CAMBRIDGE - On Jan. 13, Cambridge Waterfront Development Inc. acquired the former Dorchester General Hospital property, including the 17.2 acres of land, the decommissioned hospital and three medical office buildings. The land encompasses nearly half of the CWDI’s eventual development area.
“This has been in the works for a long time,” says Frank Narr, CWDI’s secretary/treasurer. “Once we learned that University of Maryland planned to build a new free-standing medical facility on Route 50 and leave the waterfront, CWDI immediately began its efforts to regain local control of the property.”
In the next few months, and after the county and state Departments of Health finish using the site for COVID testing, the two primary hospital buildings will be demolished.
“Hospitals are designed and constructed for a very specific use,” CWDI’s recently appointed Executive Director Matt Leonard said. “It just isn’t possible to renovate them to a significantly different purpose, especially purposes that align with the future development of this site.”
The two medical office buildings on Byrn Street will be retained, with one becoming CWDI’s new office location. “Being on-site is the best way for CWDI to manage, develop and market the site.”
Possible development on the site includes hospitality, food and beverage, mixed-use commercial/retail and residential.
“We’ll have a better handle on the best uses once we receive final public comment,” says Jeff Powell, CWDI’s vice president. “But without question, a significant portion of the site will be dedicated to public access and enjoyment near and along the waterfront.”
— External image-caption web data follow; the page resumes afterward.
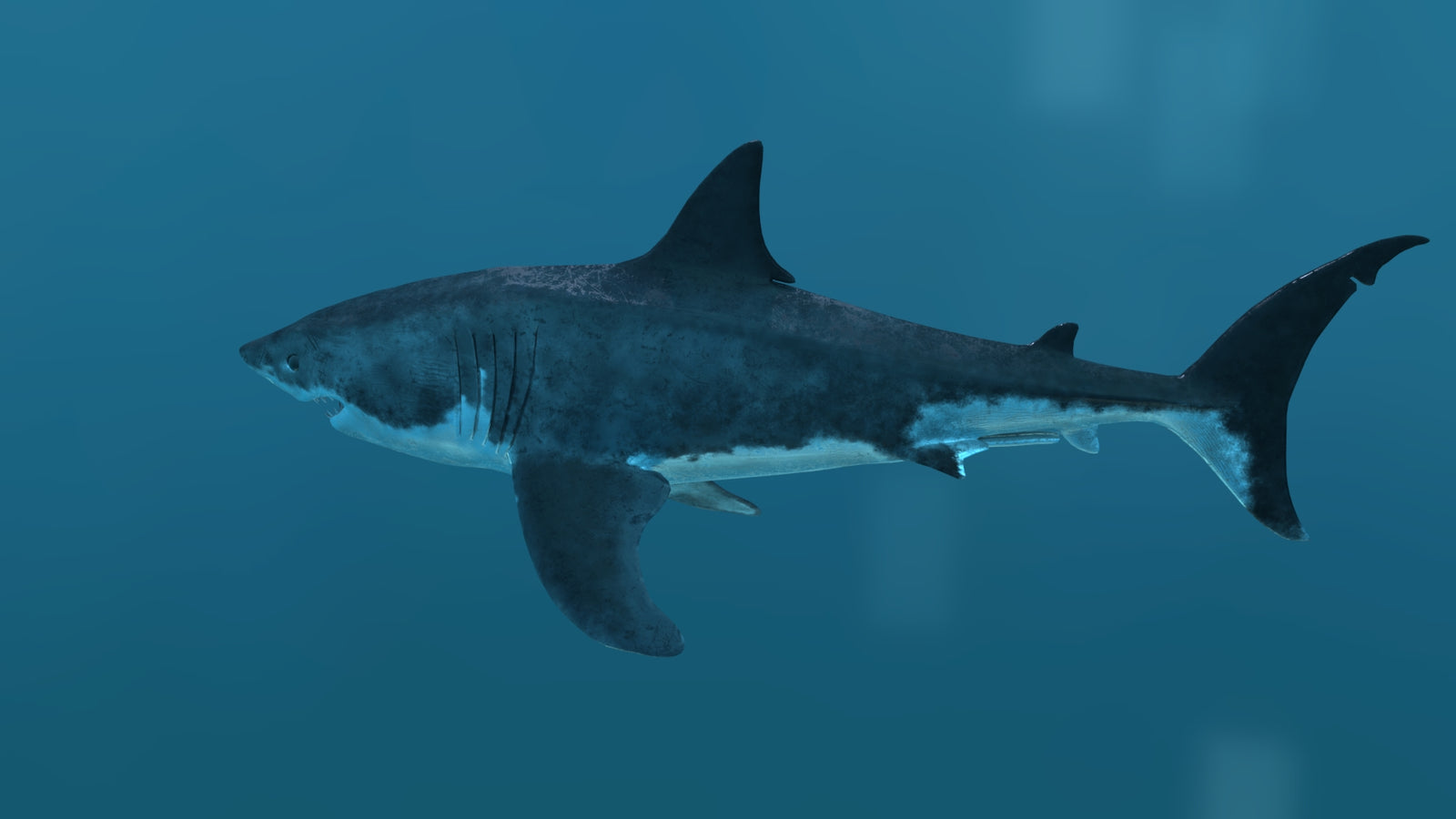 Great White Shark 3D Model 360° view 2 frame 35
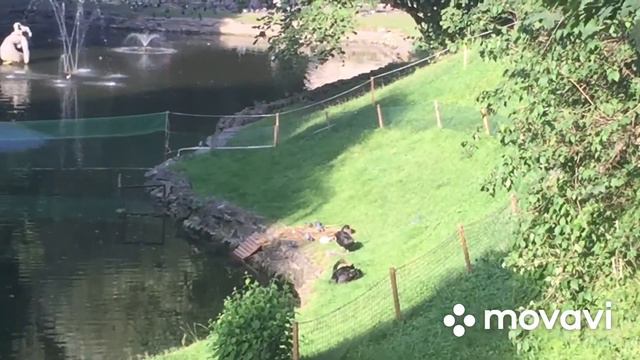 Лебеди чёрные, лебеди белые, страны далекие... смотреть онлайн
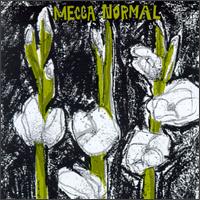 Mecca Normal - Mecca Normal (1st Album) lyrics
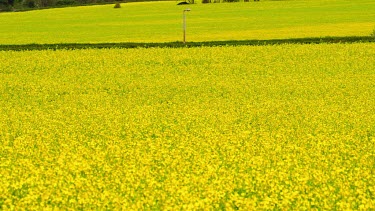 Yellow Rape Seed Field, Seamer, Scarborough, North Yorkshire, England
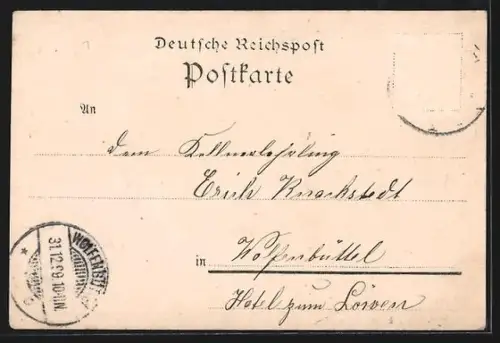 Lithographie Braunschweig, Totalansicht, Lessing-Denkmal u. Löwensäule a. d. Burgplatz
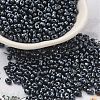 Opaque Glass Seed Beads SEED-K009-06B-06-1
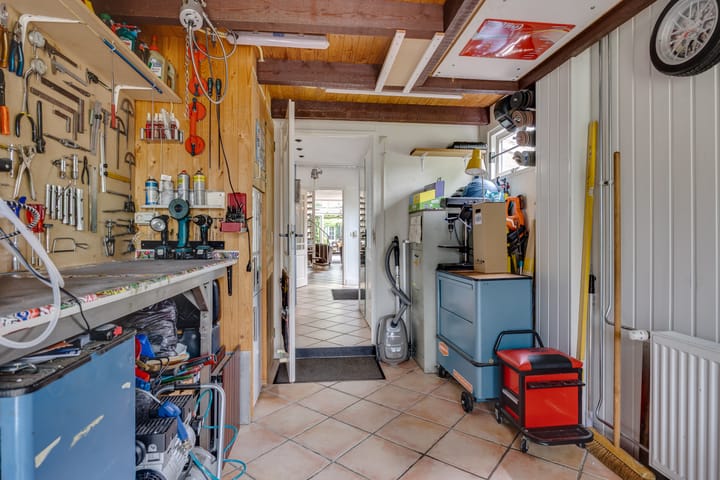 Foto 37 van Kokmeeuw 13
Current concept plans include such public amenities as a promenade with walking and biking trails; greenspace for recreation, events and entertainment; continued unrestricted access for the boat ramp; and a beach for swimming.
CWDI is also working with its property neighbors and local businesses to coordinate its plans and vision. Early in its development process, CWDI will dedicate resources to improve the public use areas so that the residents of Cambridge and Dorchester County can enjoy this most important community asset. CWDI will also focus on the public infrastructure (streets, utilities, sidewalks) to make the site most attractive to the investors and developers needed to build out the rest of the project.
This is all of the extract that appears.